Mevrouw Den Boer (D66):

Ik had hier ook schriftelijke vragen over gesteld. Toen werd er gezegd – ook de inspectie zegt dat in het verslag – dat de Politieacademie niet alle opleidingsplaatsen kon verzorgen waar de politie om vroeg, omdat «zij onvoldoende docentencapaciteit beschikbaar had om in de vraag van de politie te voorzien». Dan was er ook nog eens een keer een gebrek aan specialistische studiefaciliteiten. Daar hebben we het over gehad. Behalve dus het aantal docenten dat moet worden geworven en hun vakspecialistische kennis, speelt hier nadrukkelijk ook de vraag of hun didactische vaardigheden op peil blijven. Dat vind ik echt een heel groot issue. De studenten hebben gewoon recht op heel goed onderwijs.

Minister Grapperhaus:

Daar is de periode van zes maanden aanlooptijd mede voor bestemd.

De voorzitter:

Ik constateer dat we aan het eind gekomen zijn van de eerste termijn van de zijde van de Minister. Ik kijk even naar de leden of er nog behoefte is aan een tweede termijn. Die is er. Dan geef ik daarin als eerste het woord aan mevrouw Den Boer van D66.

Mevrouw Den Boer (D66):

Voorzitter. Het politieonderwijs is geen rustig bezit; het is een kostbaar bezit en het is ook een kwetsbaar bezit. Toch willen we met z'n allen dat we er heel trots op kunnen zijn en vinden we het allemaal heel belangrijk. Het is een cruciale schakel, een functie in de toekomst van de politie, waar hoge eisen worden gesteld aan de professionalisering van politiemensen. Ik denk ook niet dat we het over dienders moeten hebben, maar over gekwalificeerde politiemensen, mannen en vrouwen, die belangrijk werk doen in onze samenleving. Ik vind dat de Politieacademie daarin een heel belangrijke functie vervult. De Politieacademie heeft haar plek verworven en is ingebed. We hebben het vandaag over heel veel dingen gehad, zoals onderwijs. Maar we hebben het bijvoorbeeld niet gehad over examinering. We hebben het niet gehad over onderzoek en kennis. En we hebben het niet gehad over hoe die inbedding verder verloopt. Ik wil toch een vinger aan de pols en daarom vraag ik bij voorbaat een VAO aan.

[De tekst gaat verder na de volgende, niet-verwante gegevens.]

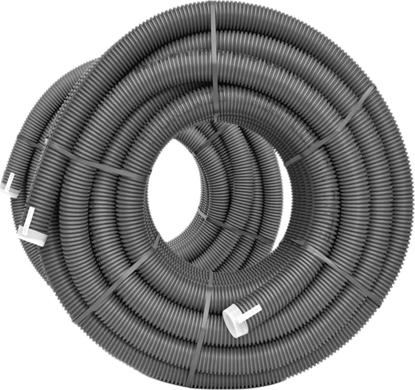Picture of SpiroFlex 50 antybakteryjna rura elastyczna szara VENT CLEAR Comfort 50 mb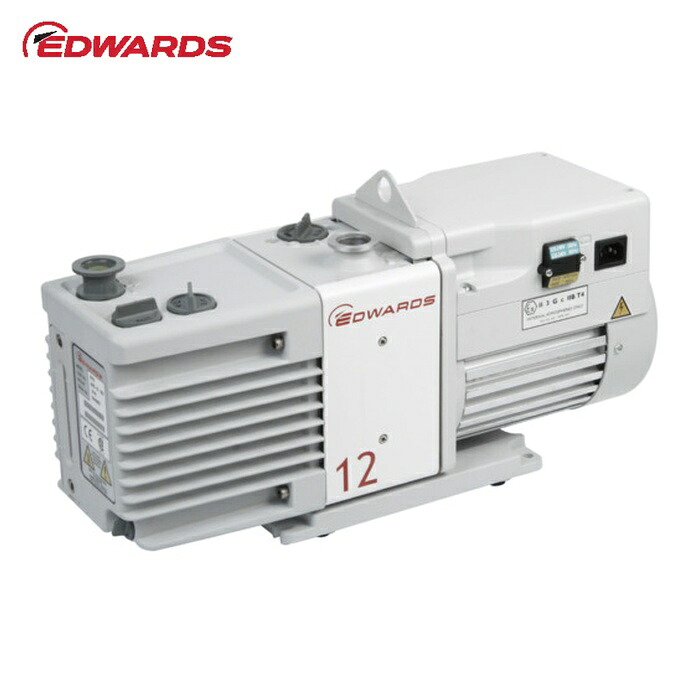 エドワーズ Edwards A65501904 ロータリーポンプRV12 単相100・200V 出荷時200V設定 (1台) 167,570円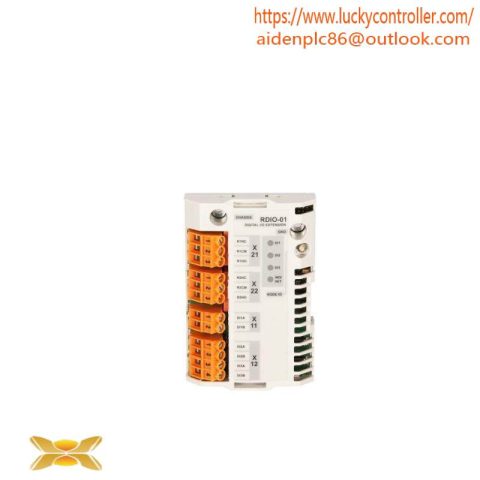 ABB RDIO-01: Precision Digital I/O Extension for Industrial Automation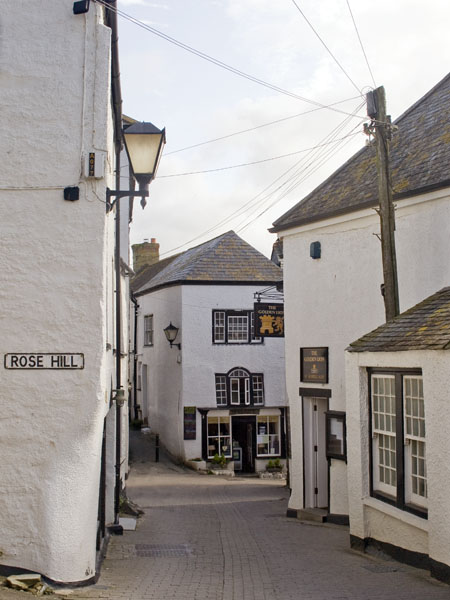 Port Isaac,Golden Lion,Inn,Pub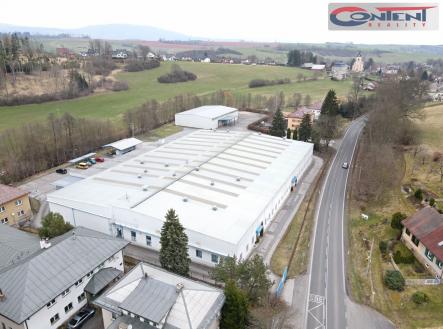 Pronájem - výrobní prostor, 1 500 m²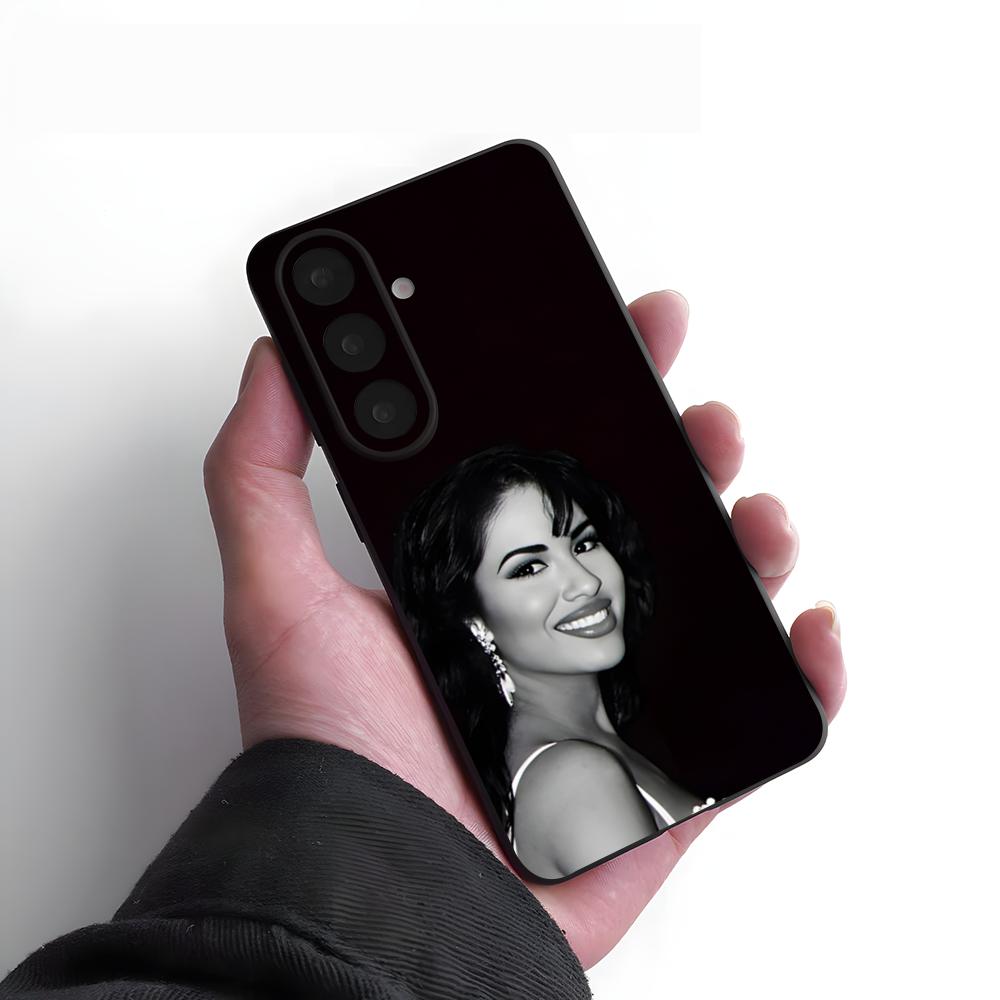 Singer Selena Phone Case For Samsung S26 S25 Plus S20 S20 Plus S22 Ultra S23 FE S21 Plus S21 Ultra Soft Cover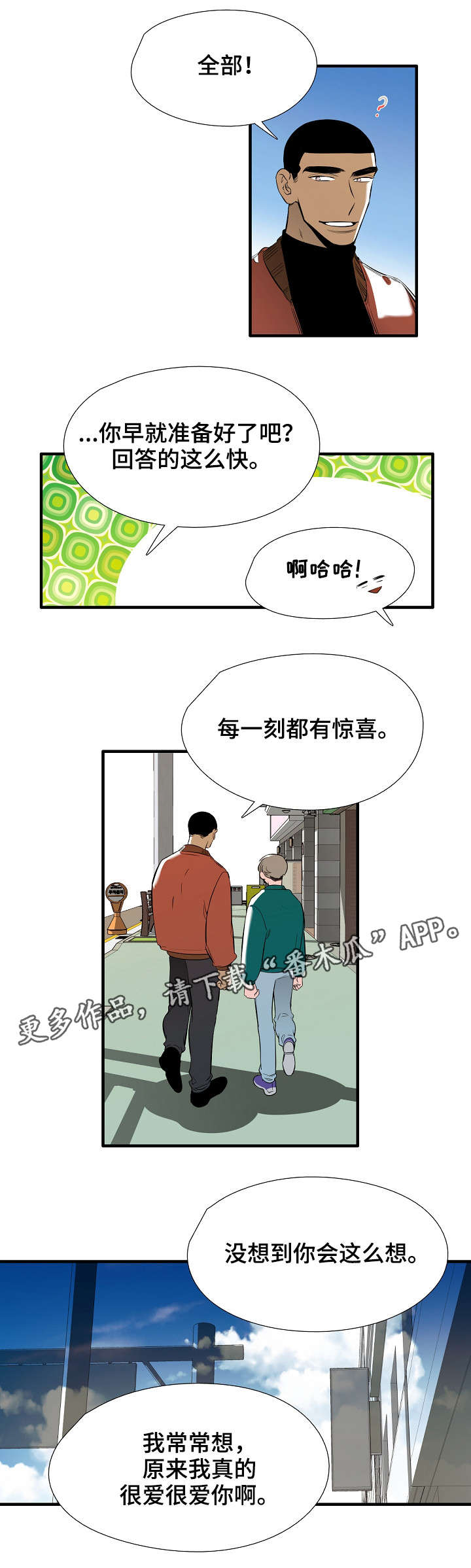 零距离魔法漫画,第14章：全部1图
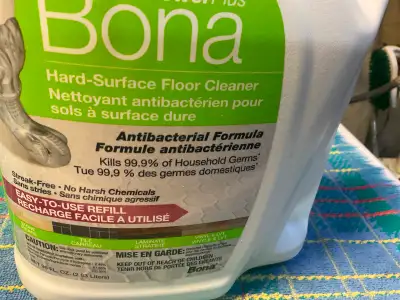 Bona hard surface floor cleaner, View more
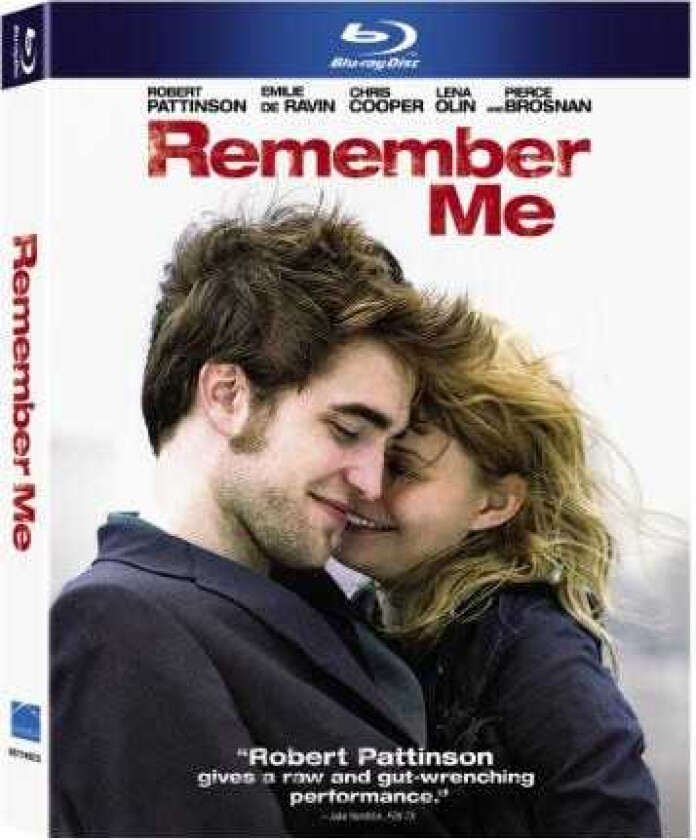 Remember Me Bluray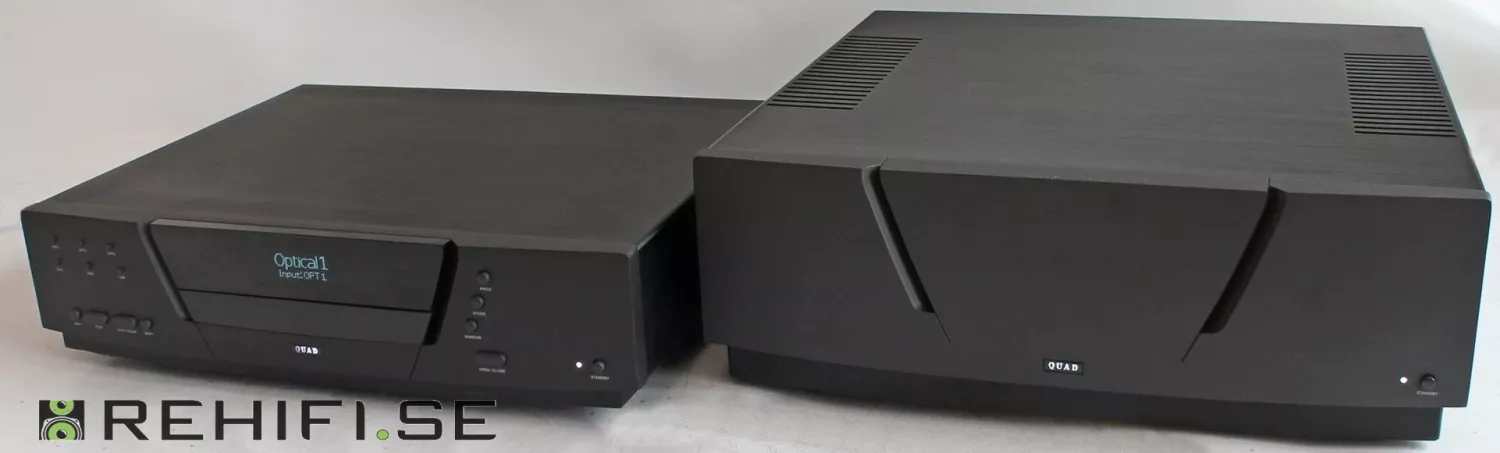 QUAD Platinum DMP + QUAD Platinum Stereo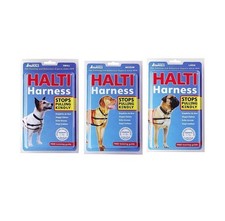 Halti Harness for Dog - S to L Easy to fit Simple to use Front Control UNIQUE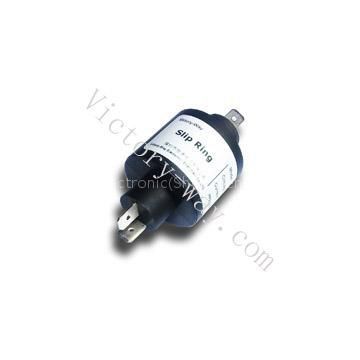 Double Channnels High Current Slip Ring Instead of Mercury Slip Ring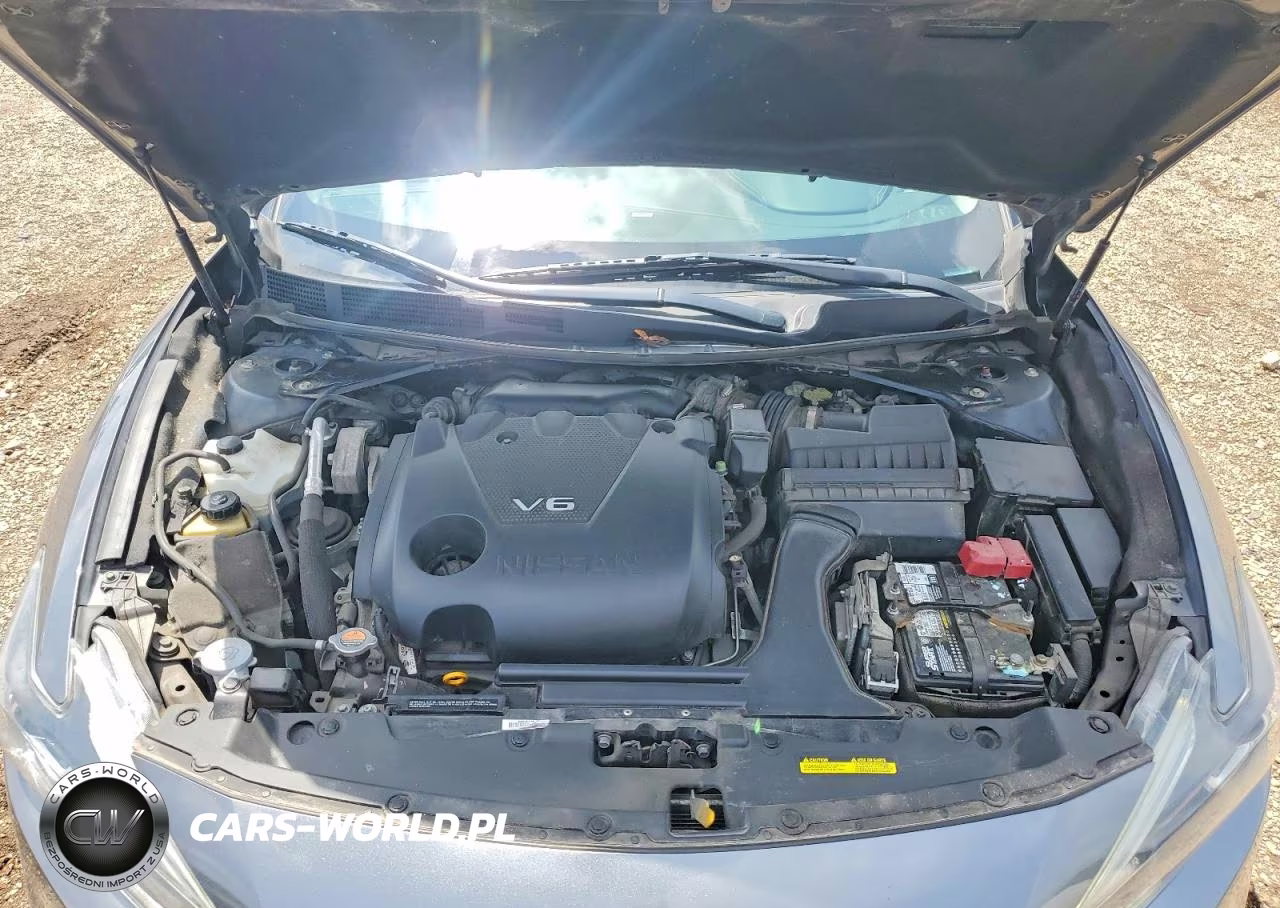 2017 Nissan Maxima 3.5 Sl VIN:1N4AA6AP2HC440964 - 11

Dank u wel, voorzitter. Sorry, mag ik nog Ă©Ă©n ding zeggen in aanvulling daarop? Ik vind dat de studenten van de Politieacademie in het verhaal nog erg onzichtbaar zijn. Zij zijn wat mij betreft de belangrijkste graadmeter voor de kwaliteit die de Politieacademie kan bieden.

Dank u wel.

De voorzitter:

Dank u wel. Mevrouw Helder van de PVV.

Mevrouw Helder (PVV):

Voorzitter, dank u wel. Dank aan de Minister voor de beantwoording van de vragen en zijn toezegging dat hij zich er hard voor gaat maken dat uitgezonden politieagenten ook deel kunnen nemen aan Veteranendag. Dat was een terechte vraag van collega Van Dam en dat stond vanochtend in het AD.

Dan toch even over de prijsbijstelling. Daar komt de Minister vanmiddag ook op terug, maar dat volg ik op afstand, want mijn collega doet het wetgevingsoverleg. Die prijsbijstelling komt neer op zeven keer 18,5 miljoen. Ik weet dat je niet zo mag opplussen, maar ik doe het toch even. In totaal komt het neer op bijna 130 miljoen. Dat de prijsbijstelling niet werd uitgekeerd heb ik in het verleden – ik doe dit inmiddels al negen jaar – meegemaakt bij het gevangeniswezen. Daar werd de loon- en prijsbijstelling ook niet uitgekeerd en bij Defensie gebeurde dat ook niet. Dat holt een organisatie uit. Het klinkt nu allemaal heel sexy – «de doelen blijven overeind» – maar dit gaat niet goed, dus ik blijf dat zeggen. We weten hoe het is gegaan met de reorganisatie van de nationale politie terwijl de winkel openbleef: dan krijgen we een rapport, blijkt dat het allemaal niet haalbaar is en komt er weer geld bij. Dat heet dan «extra geld» en zo houden we elkaar politiek een beetje bezig. Maar de organisatie heeft daar last van, dus ik blijf het zeggen.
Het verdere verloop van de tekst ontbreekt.